Verified step by step guidance1
Step 1: Begin by analyzing part (a). For a distant object, the light rays entering the converging lens are parallel. Using the lens equation \( \frac{1}{f} = \frac{1}{d_o} + \frac{1}{d_i} \), where \( f \) is the focal length, \( d_o \) is the object distance, and \( d_i \) is the image distance, note that \( d_o \to \infty \) for a distant object. This simplifies the equation to \( \frac{1}{d_i} = \frac{1}{f} \), so the image distance \( d_i \) is equal to the focal length of the converging lens, \( f_1 = 12 \, \text{cm} \). Thus, the image of the converging lens is formed at 12 cm from the lens.

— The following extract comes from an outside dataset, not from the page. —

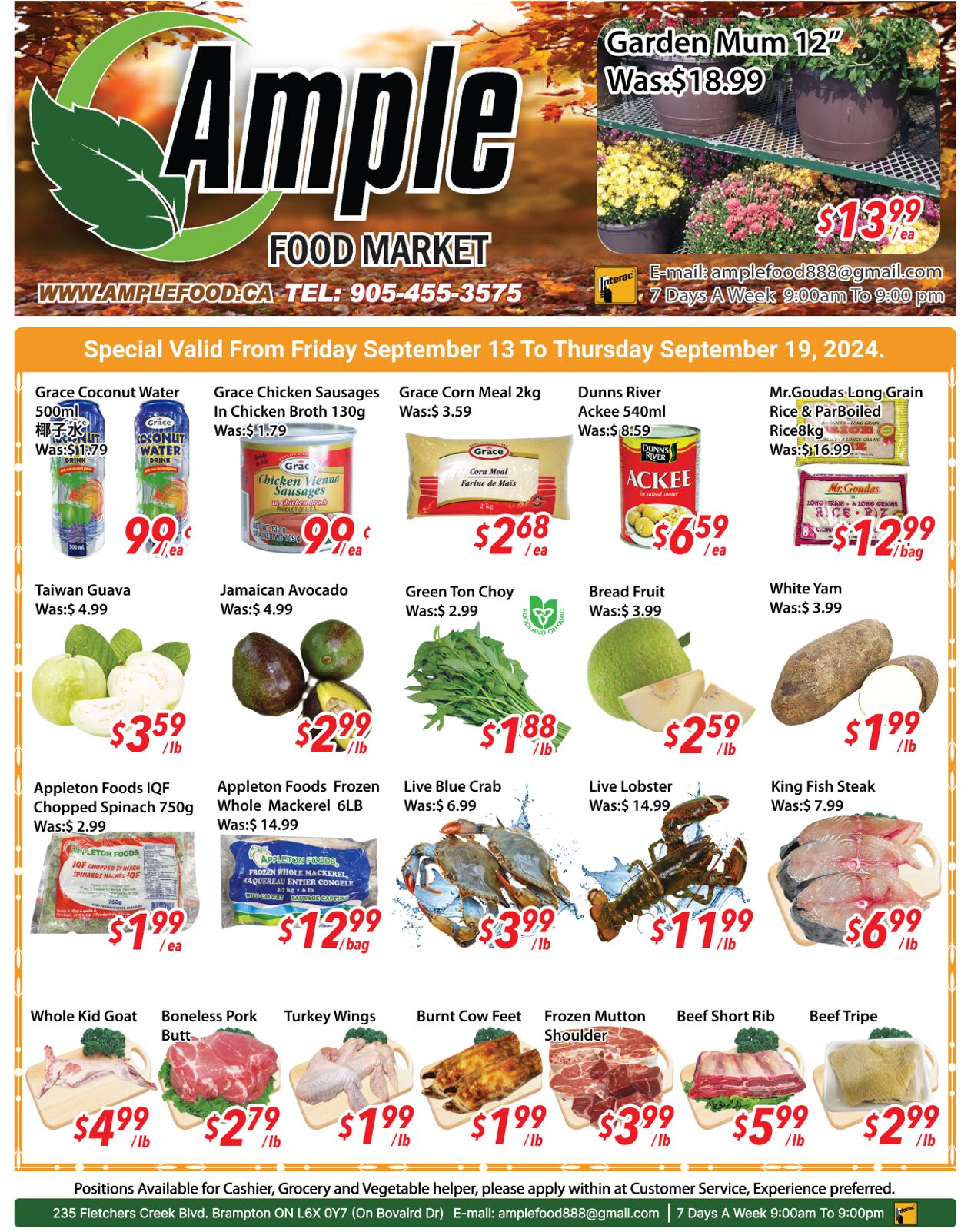 Ample Food Market Promotional flyers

Step 2: Proceed to part (b). The image formed by the converging lens serves as the object for the diverging lens. The object distance for the diverging lens is calculated relative to its position. Since the lenses are separated by 4 cm, the object distance for the diverging lens is \( d_o = 12 \, \text{cm} - 4 \, \text{cm} = 8 \, \text{cm} \).
Step 3: For part (c), use the lens equation again for the diverging lens: \( \frac{1}{f} = \frac{1}{d_o} + \frac{1}{d_i} \). Here, \( f_2 = -12 \, \text{cm} \) and \( d_o = 8 \, \text{cm} \). Substitute these values into the equation to solve for \( d_i \), the image distance for the diverging lens.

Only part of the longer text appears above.